E entre tantos tipos de celebridades, vou me ater às ‘instantâneas’, que emergem de vestidos pink curtíssimos nos corredores de faculdades de acesso fácil, ou brotam atrás de uma gravidez de jogador de futebol celebridade-sem-beleza-nem-moral, despontam de um flerte contratado por algum celebridade-que-não-quer-sair-do-armário, e até “pilotam” fogões com dólmãs e aventais que incomodam os olhos de tão alvos! Topa tudo não só por dinheiro, mas principalmente por uma vida de celebridade!

Segundo profecia de Andy Warhol, um grande artista e “pensador” americano, todos terão quinze minutos de fama. O que ele não previu é que esses quinze minutos podiam se alongar indefinidamente, transformando desconhecidos em celebridades, depois em subcelebridades e, por fim, em ex-celebridades que serão lembrados pela mídia em programas que, dizem, vale a pena ver de novo. E a internet fez desse processo de criação de celebridades mais fácil, rápido e efêmero. E como tudo, diz o ditado popular, acaba na cozinha, a cozinha virou alvo fácil para quem julga saber cozinhar e sonha se tornar celebridade. São os chefs-celebridades que emergem de cook-realitys- shows. Programas para isso é que não faltam, em todos os horários e formatos.

Não que esses BBBs culinários não sejam divertidos – são e muito –, mas são também nada instrutivos e criam uma falsa imagem da arte culinária e da vida em uma cozinha. Existem exceções, mas vou me ater aos mais usuais. Muito se fala e pouco se faz, até porque só temos acesso à imagem e nunca ao sabor, que só de imaginar me causa calafrios. Nada mais desagradável que uma comida desequilibrada ou mal feita. Em um desses programas, os participantes recebem outros participantes fazendo um jantar completo onde tudo conta ponto, desde a decoração até a atração do jantar! Decoração? Atração?

Ao meu ver, a grande atração de qualquer jantar é o jantar, gastronomicamente falando! Tem os que parecem uma versão culinária do decrépito BBB, onde as intrigas são mais relevantes que a comida: todos cozinham, em grupo ou individualmente, focados no próprio umbigo, sem dar muita importância às diretrizes dos apresentadores para a realização das provas.

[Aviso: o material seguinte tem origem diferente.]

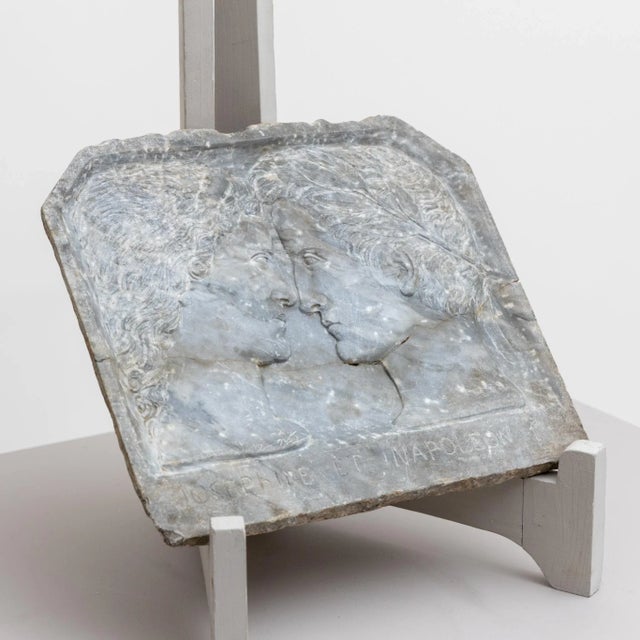 Relief of Napoleon and Josephine, France, 19th-Century, Marble For Sale - Image 4 of 7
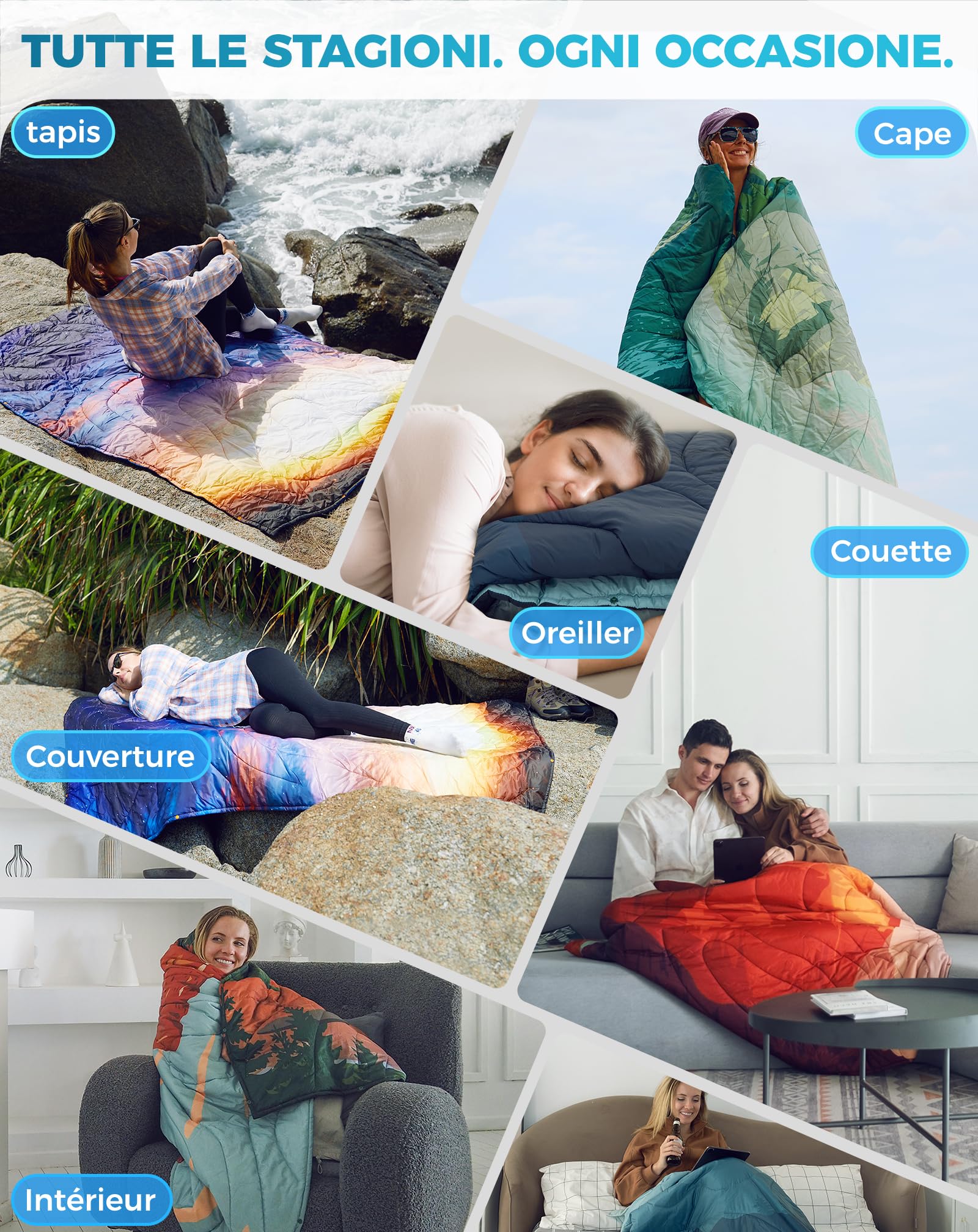 KingCamp Coperta da Campeggio Ultraleggera e Impermeabile,200 x 145 cm,Indossabili,Coperta Termica da Viaggio Ripiegabile per Picnic all'aperto,Spiaggia,Escursionismo,Auto,Interni,Colori Dipinti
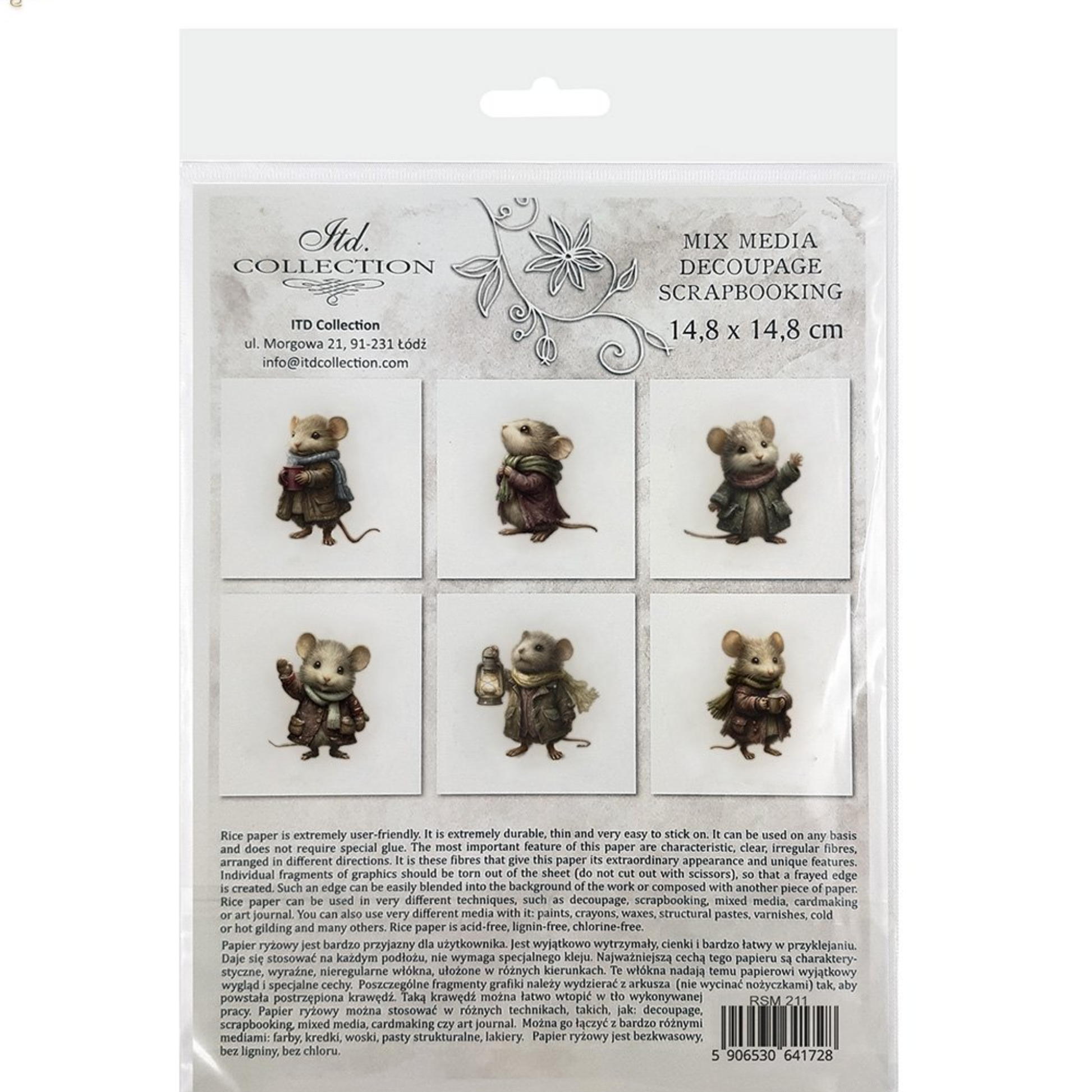 Back cover image with six winter mouse-themed images and printed text.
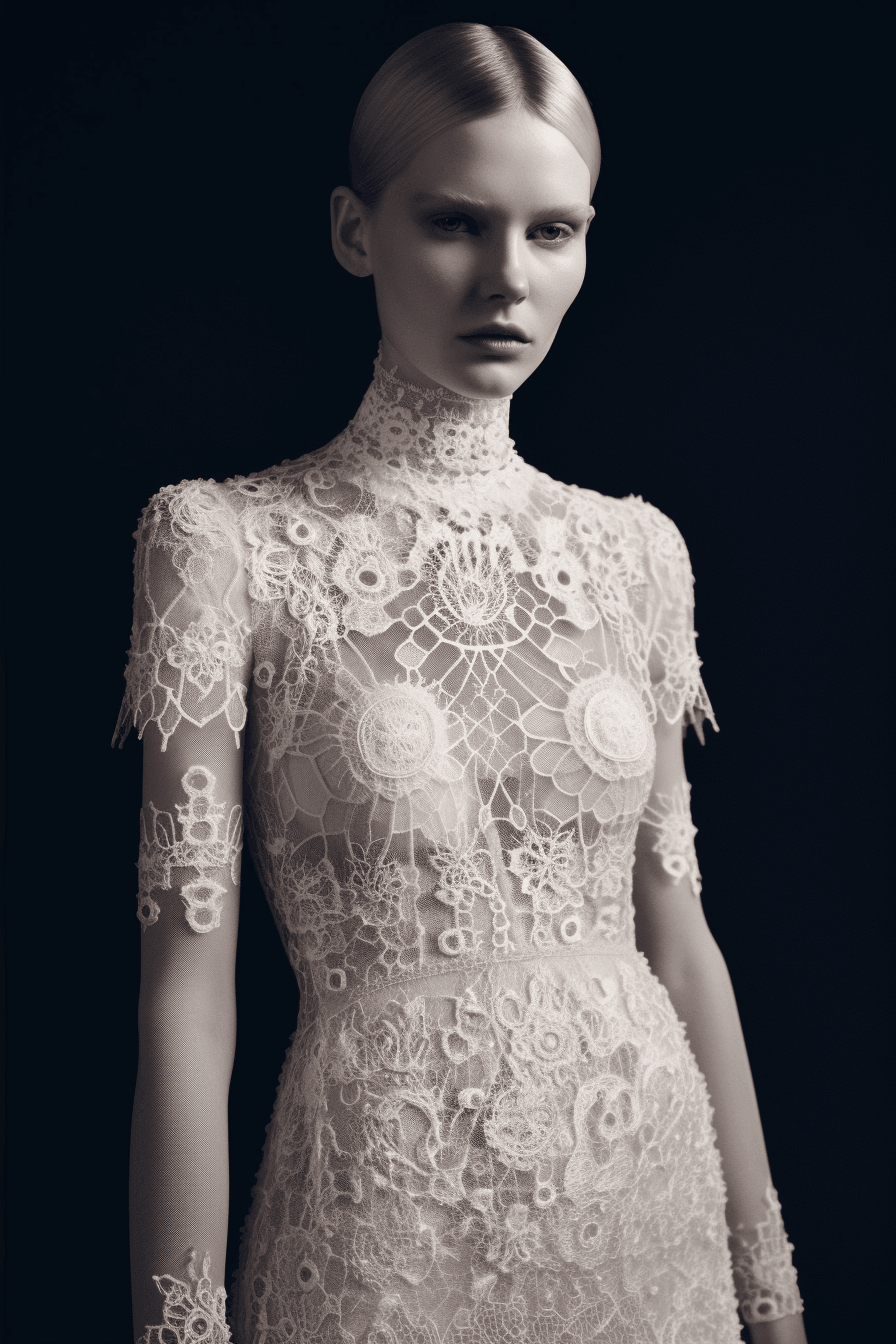 Model wearing lace flowery royal french pattern body suit - wall art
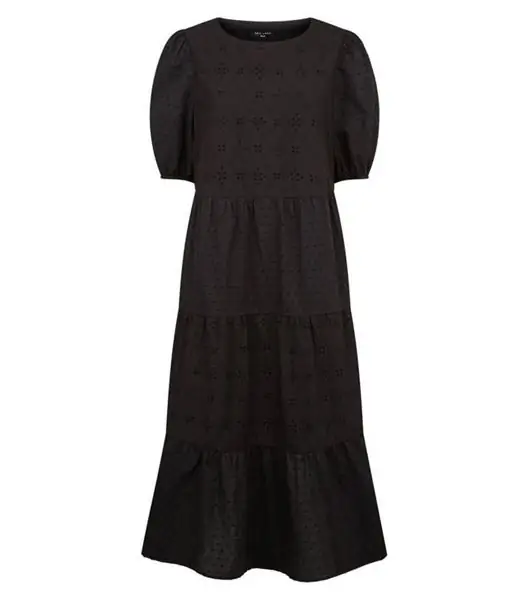 New Look, платье миди с пышными рукавами Broderie, 27,99 фунтов стерлингов New Look, платье миди с пышными рукавами Broderie, 27,99 фунтов стерлингов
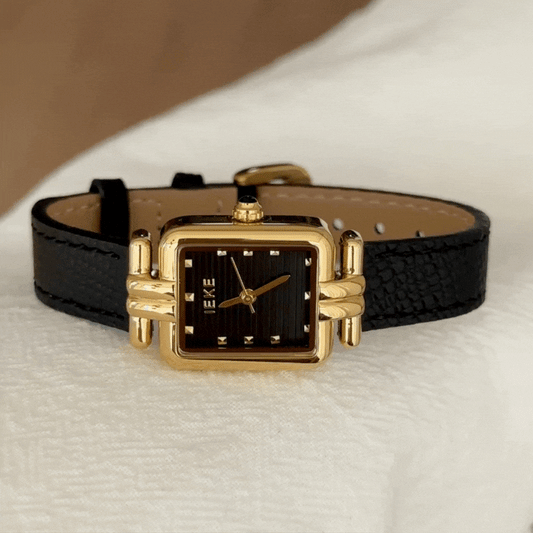 Noir Élégance – Women’s Black Leather Strap Watch with Gold Rectangular Case and Black Dial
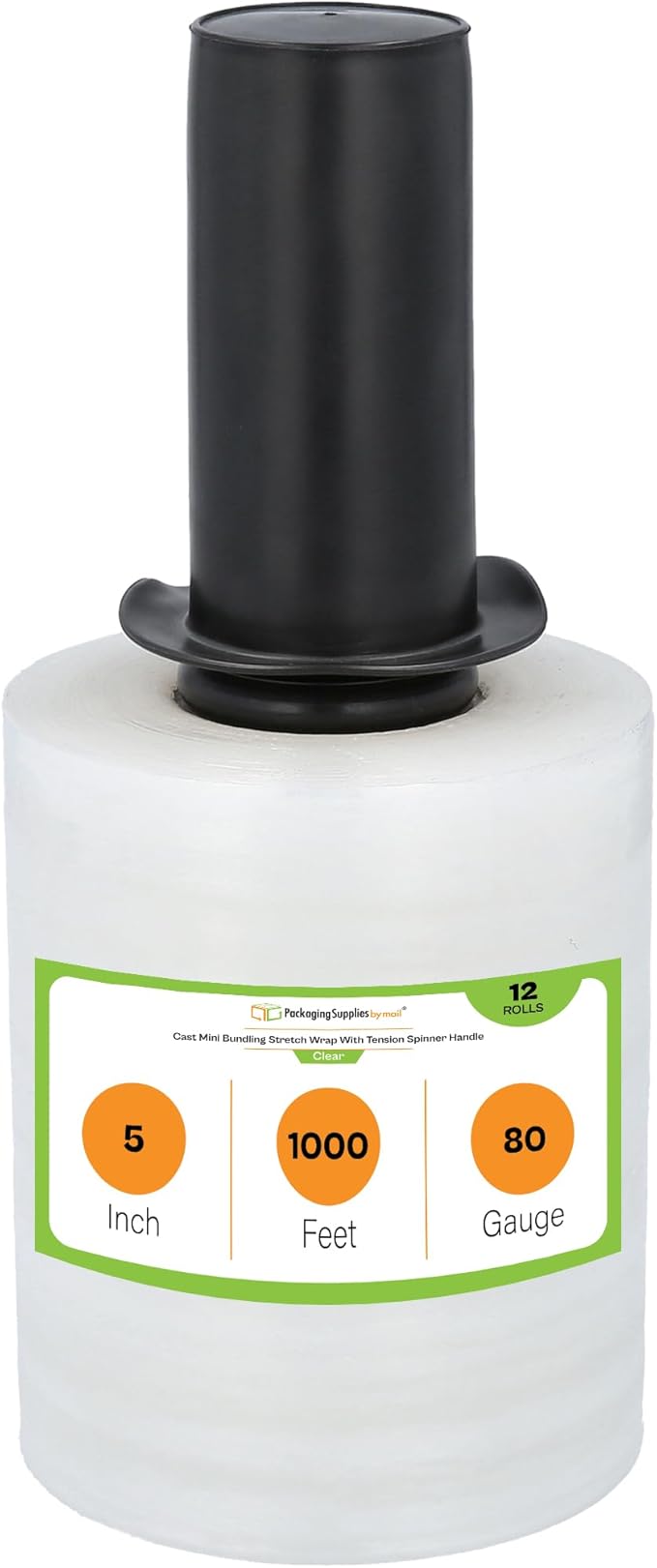 PSBM 12 Rolls 5 Inch x 1000 Feet 80 Gauge Mini Stretch Film/Wrap with Plastic Handle, Heavy Duty Industrial Strength Clear Shrink/Plastic Wrap for Moving, Packing, Shipping, Bundling & Storage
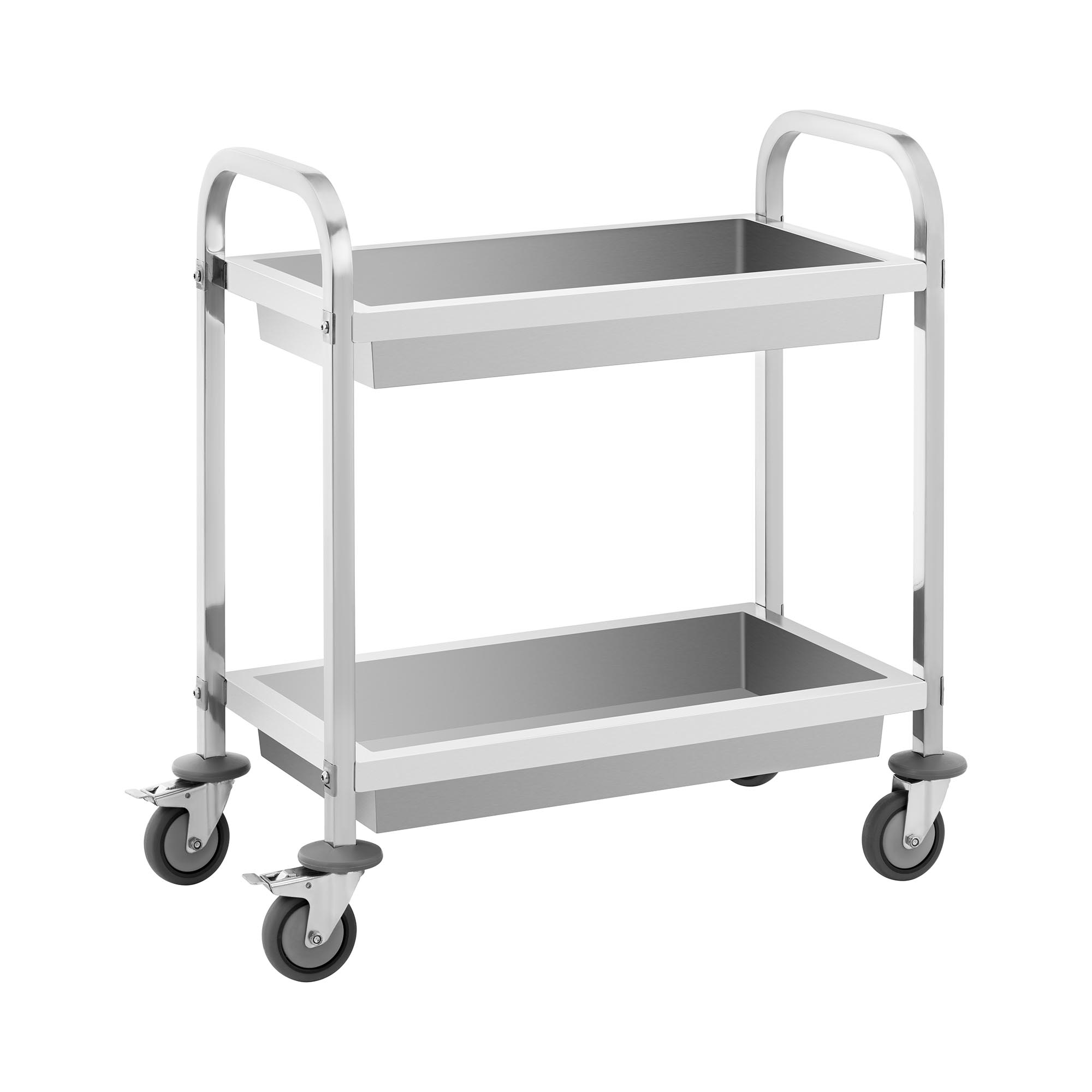 Servierwagen - Edelstahl - 2 Mulden - Ablagen: 63 x 34 cm - 200 kg - Royal Catering RCSW-102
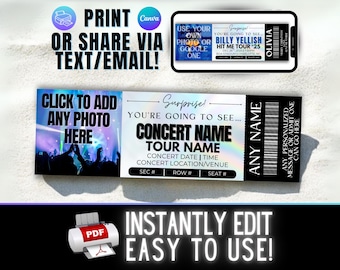 INSTANTLY EDIT Holographic Concert Ticket Stub | Printable Template | Personalized Birthday Graduation Christmas Gift Ideas | Print or Text!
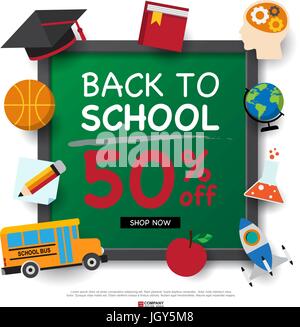 Retour à l'école modèle de conception Retour à l'école,shopping,brochure Vector EPS10 Illustration de Vecteur
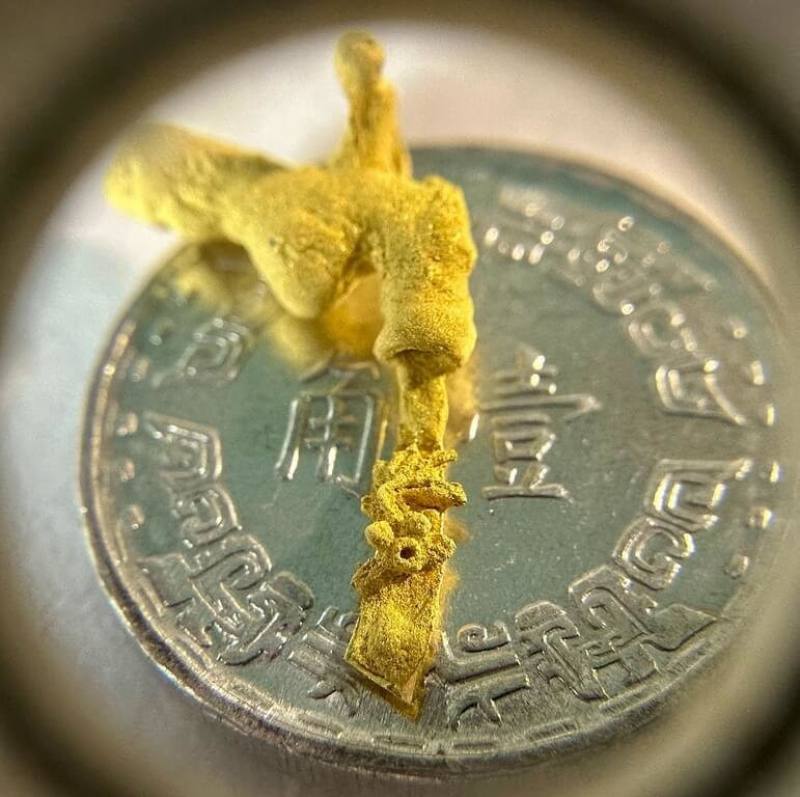 毫芒雕刻家陳逢顯發表作品「懸浮之境」，以水龍頭象徵人為控制，而金魚在激流中逆游，代表對自由的渴望，創作不僅展現技術，也融入東方哲學思想。（陳逢顯提供）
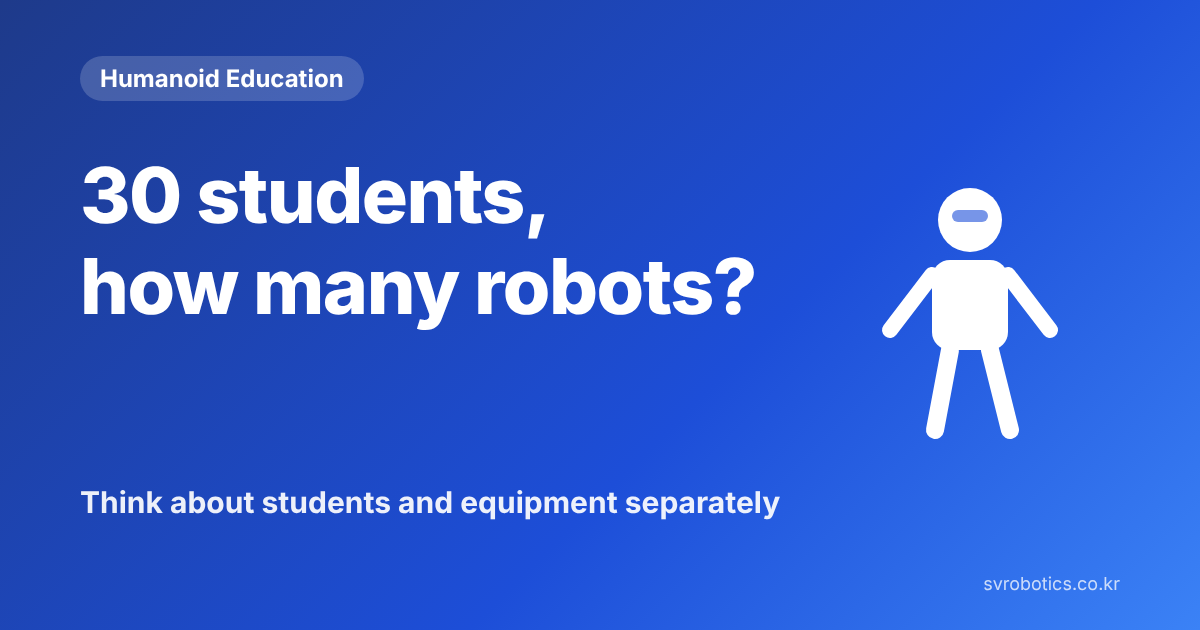 "30 students, how many robots?" Thinking about student count and equipment separately. Humanoid education thumbnail with the question and a diagram.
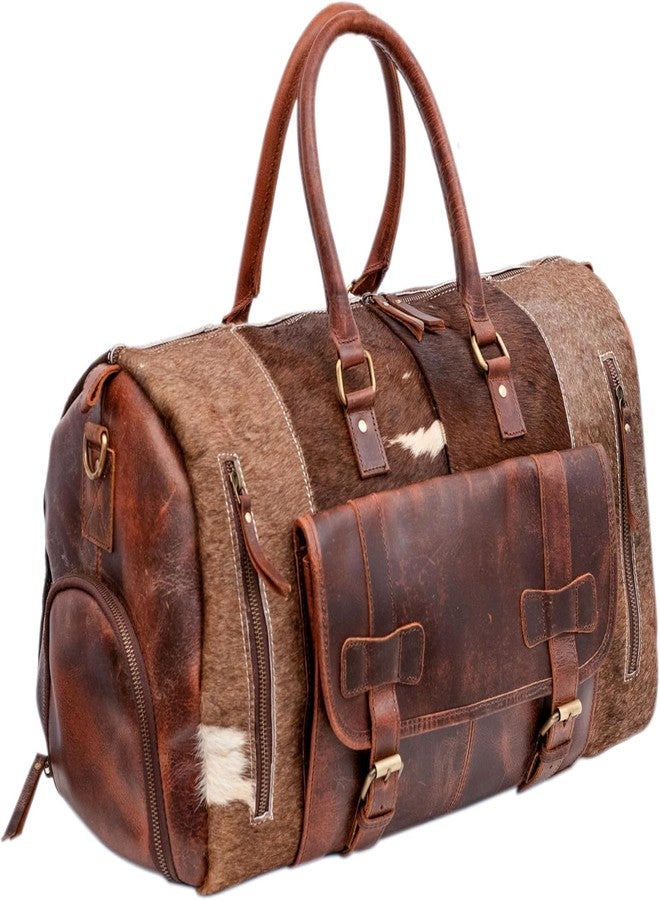 NATURALS EXPORT Real Cowhide Leather Duffel Bag Cow skin Hairon Leather Exotic Travel Sports Bag Large Gym Bag Overnight Bag (Brown n White) 20 Inch, Brown, 20 Inch, Travel Duffle Bag With Adjustable - Image 1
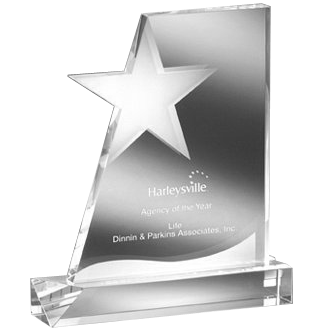 North Star Crystal Award | Etched Glass Star Trophy | Paradise Awards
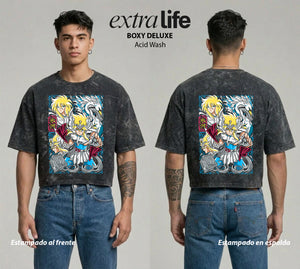 Playera streetwear premium de anime y gaming ExtraLife MX, corte boxy deluxe mineral wash heavyweight en color Acid Wash, moda urbana mexicana de culto.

O chef apresenta o produto: “Hoje o produto, a estrela do prato, é a batata! ”. O projeto de chef-aspirante-à-celebridade cozinha a batata com sal, bate no processador e serve ao lado de um foie gras marinado com vinho sauternes e cogumelos giroles aromatizados com ervas frescas da Antuérpia...

Quando os apresentadores e chefs-algozes criticam o prato, os chefs-aspirantes “rosnam”, pois julgam que seu prato estava perfeito e o chef não soube julgar. E depois de algumas aparições na televisão, esses cozinheiros-celebridades voltam para a sociedade formal para montar um restaurante, escrever livros sobre culinária, e, principalmente, “se jogar” no ramo de eventos. Apresentam projetos de jantares espetaculares, o que raramente entregam! Mas isso não importa, o que vale para quem contrata esses “profissionais” é ter uma celebridade comandando o seu fogão Viking que lhe custou “os olhos da cara” e, até aquela ocasião, nunca foi usado. E o que me deixa mais triste é que há quem enalteça esses supostos chefs-subcelebridades frequentando seus restaurantes, lendo seus livros e abrindo a porta de suas casas para os eventos exclusivos por eles planejados, para talvez serem notados e considerados celebridades por conviverem com um chef-celebridade.

Enquanto isso, grandes cozinheiros fecham seus restaurantes por não terem o carisma que tem um chef-celebridade, não ter o apoio da mídia e só contar com o reconhecimento dos “bons garfos” que muitas vezes não chegam a ocupar metade do seu salão. E para pôr um ponto final neste assunto, mais uma vez me aposso de uma frase de Andy Warhol, que tão bem entendeu os seus pares: “A frivolidade é o último reduto daqueles que contam com o duvidoso dom da lucidez”.